• _Your task_: With the images removed, return every line below exactly as it reads.

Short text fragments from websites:
----------

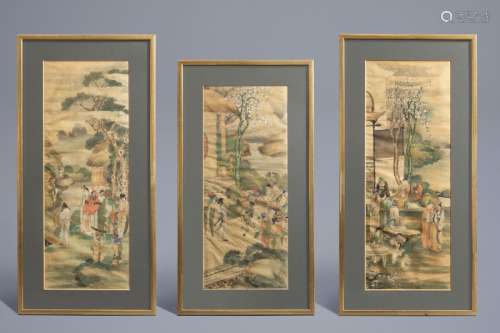 Chinese school, ink and colour on silk: Three scen...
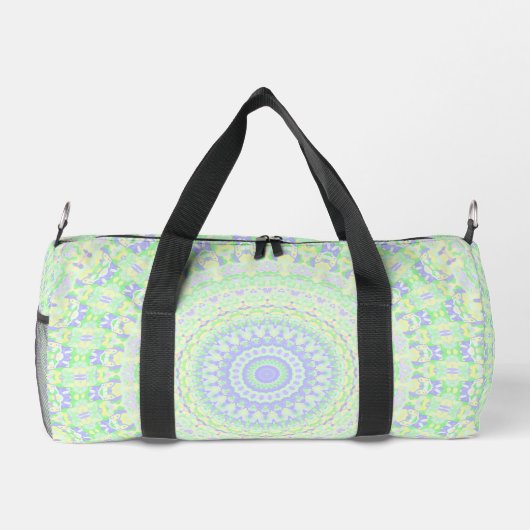 Boho Hippie Funky Eclectic Spring Pastel Mandala Duffle Bag (Rückseite)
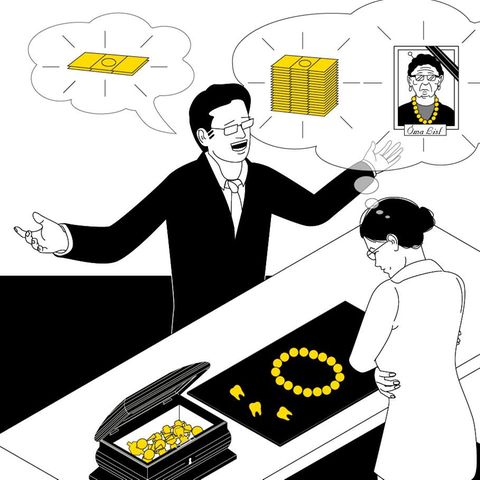 VOE STERN 43/2019 Der Goldpreis ist in den letzten 5 Jahren um 50 Prozent gestiegen. Hier die Illustration für stern 44/2019 von Jörg Dommel zu diesem Thema
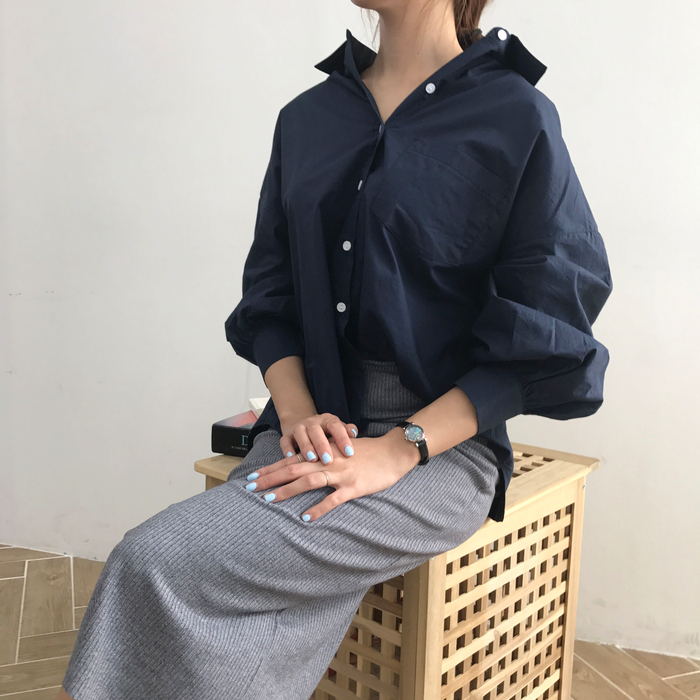 H Line Goliath Bending Knit Long Skirt IBDA Coordi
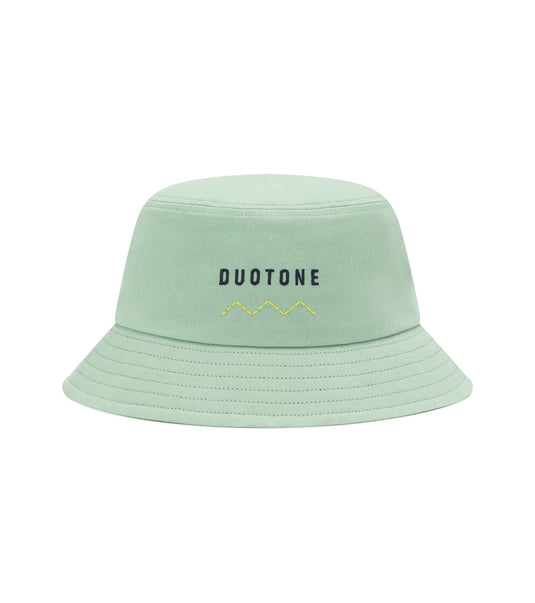 Light green bucket hat with 'Duotone' logo on a white background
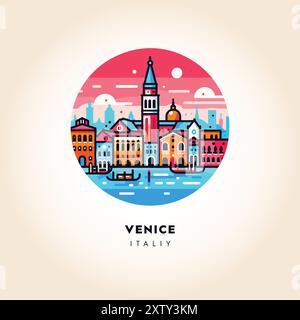 Skyline di Venezia: Illustrazione vettoriale astratta colorata Illustrazione Vettoriale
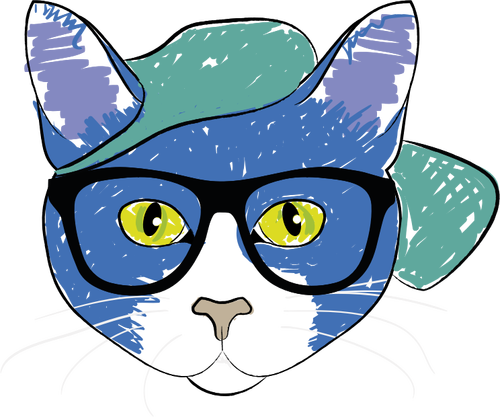 القط ارتداء النظارات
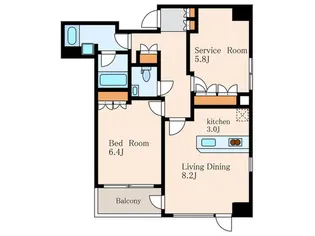 レジディア東麻布【3階】の間取り
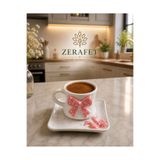 ZERAFET FİYONKLU TEKLİ KAHVE FİNCANI TAKIMI (PEMBE)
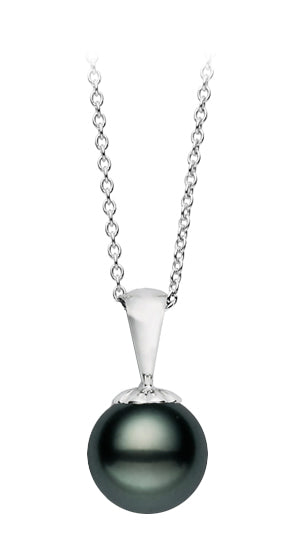9-10.5mm AAA Quality Tahitian Pearl Pendant 14k White Gold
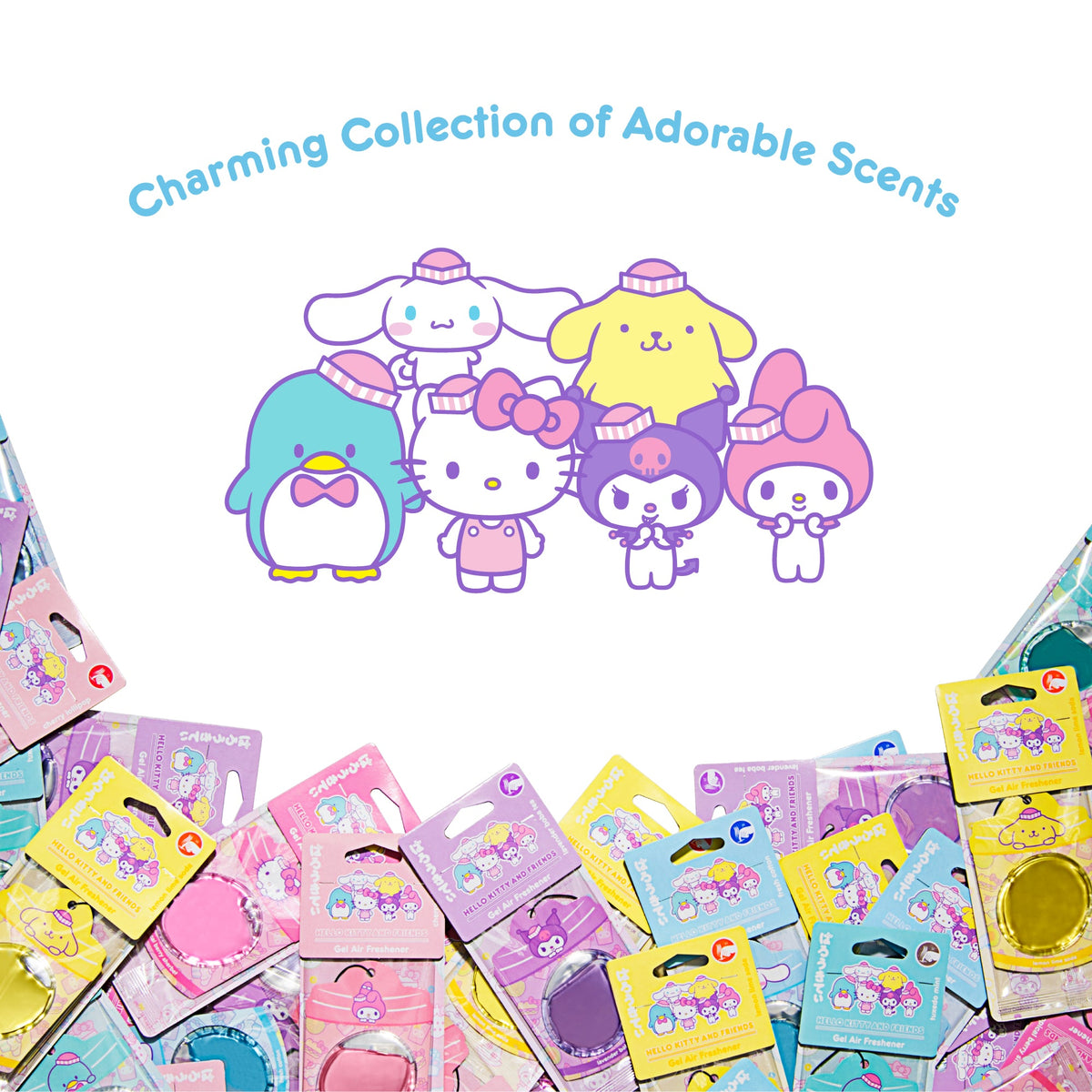 Hello Kitty and Friends Car Air Freshener (Cinnamoroll - Fresh Cotton) Hanging Gel Area Deodorizer, Long-Lasting Car Scents Air Freshener, Cute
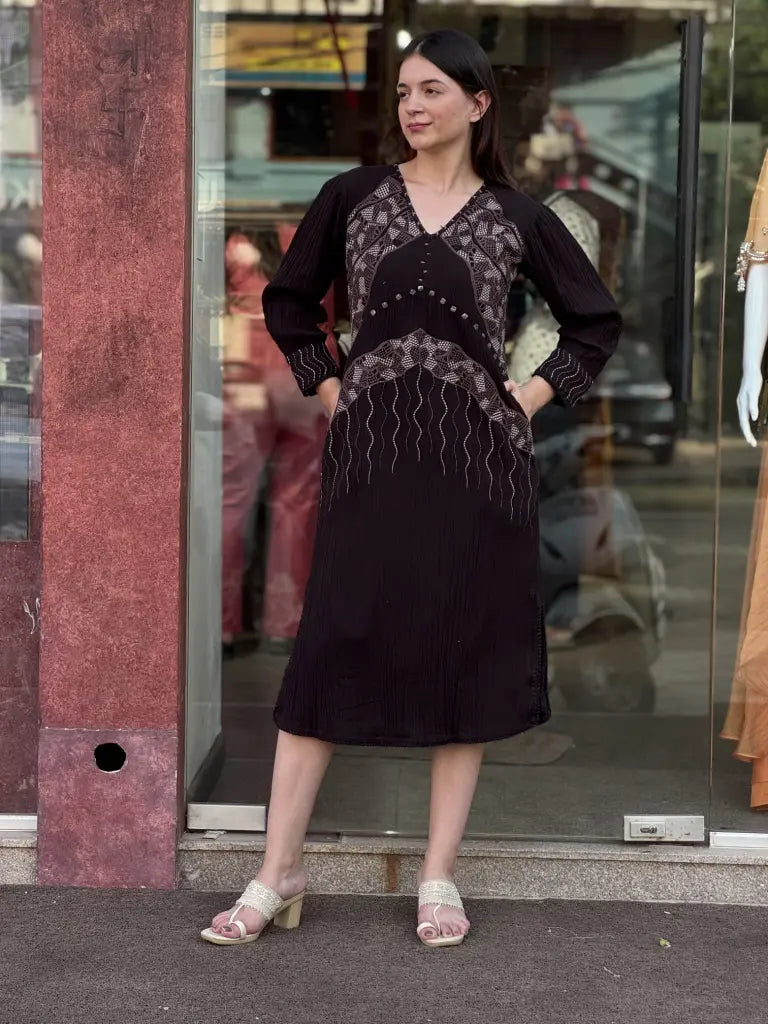 Black Cotton Dress for Women | Ethonique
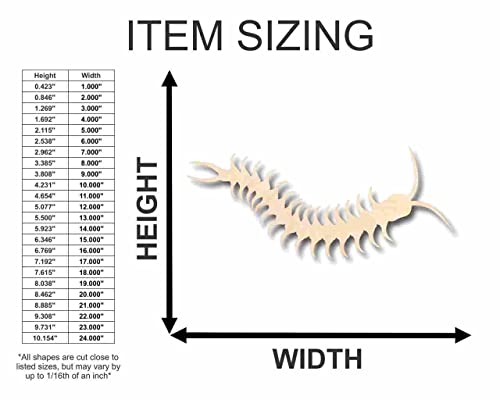 Unfinished Wood Centipede Shape - Insect - Wildlife - Craft - up to 24" DIY 24" / 1/8" 24 Hour Crafts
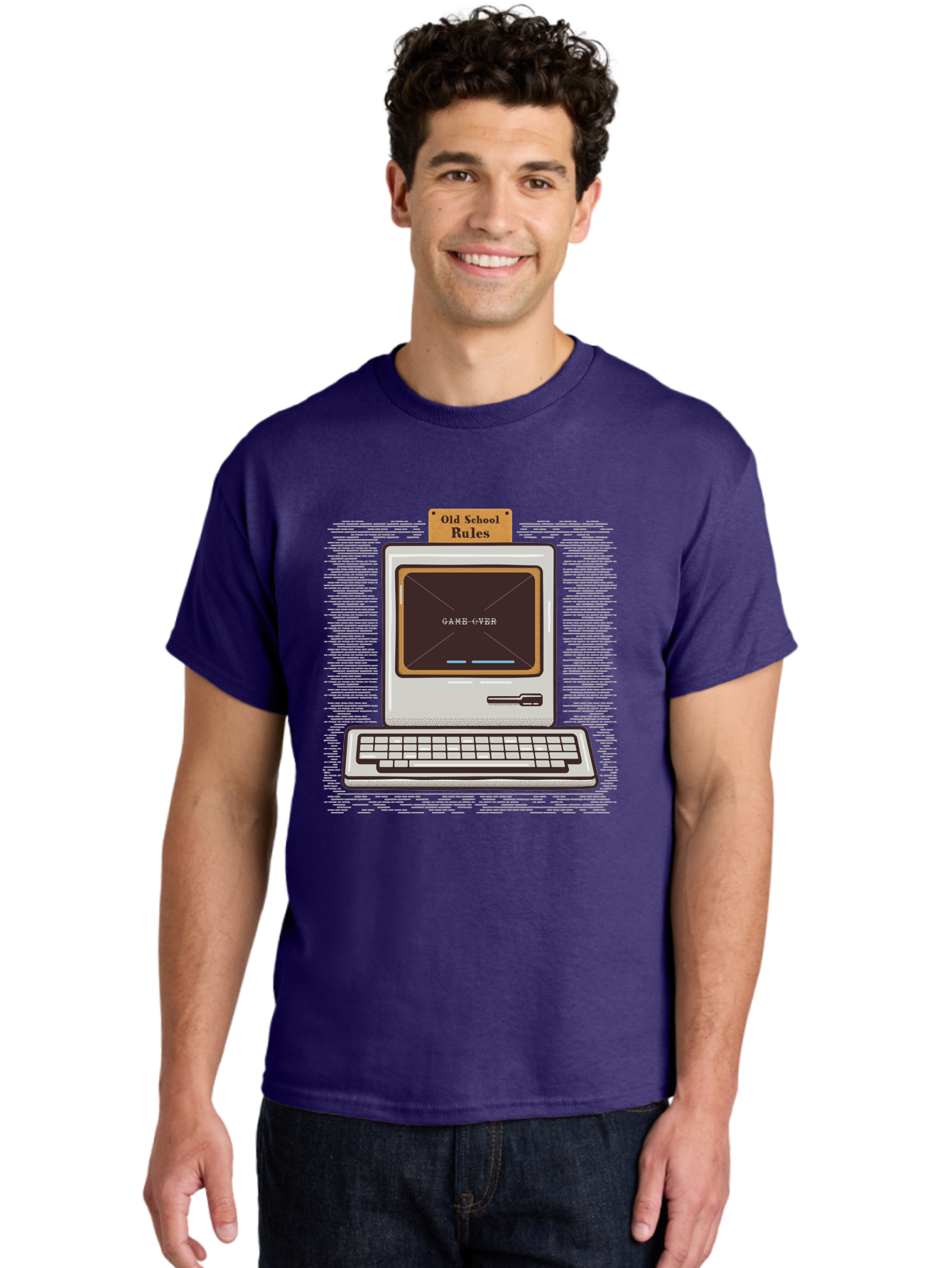 Old-School-Rules Men'S Graphic Tee, 100% Cotton, Comfortable Casual Summer Wear, Machine Washable, Retro Computer, Old School Gaming, Classic Video Games, Game Over Screen, Nostalgic Tech, Vintage Computer Graphics, Pixel Art, Aab950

----------

• _Solved exercise_:
 Chinese school, ink and colour on silk: Three scen...
 Boho Hippie Funky Eclectic Spring Pastel Mandala Duffle Bag (Rückseite)
 VOE STERN 43/2019 Der Goldpreis ist in den letzten 5 Jahren um 50 Prozent gestiegen. Hier die Illustration für stern 44/2019 von Jörg Dommel zu diesem Thema
 H Line Goliath Bending Knit Long Skirt IBDA Coordi
 Light green bucket hat with 'Duotone' logo on a white background
 Skyline di Venezia: Illustrazione vettoriale astratta colorata Illustrazione Vettoriale
 القط ارتداء النظارات
 レジディア東麻布【3階】の間取り
 ZERAFET FİYONKLU TEKLİ KAHVE FİNCANI TAKIMI (PEMBE)
9-10.5mm AAA Quality Tahitian Pearl Pendant 14k White Gold
 Hello Kitty and Friends Car Air Freshener (Cinnamoroll - Fresh Cotton) Hanging Gel Area Deodorizer, Long-Lasting Car Scents Air Freshener, Cute
 Black Cotton Dress for Women | Ethonique
 Unfinished Wood Centipede Shape - Insect - Wildlife - Craft - up to 24" DIY 24" / 1/8" 24 Hour Crafts
 Old-School-Rules Men'S Graphic Tee, 100% Cotton, Comfortable Casual Summer Wear, Machine Washable, Retro Computer, Old School Gaming, Classic Video Games, Game Over Screen, Nostalgic Tech, Vintage Computer Graphics, Pixel Art, Aab950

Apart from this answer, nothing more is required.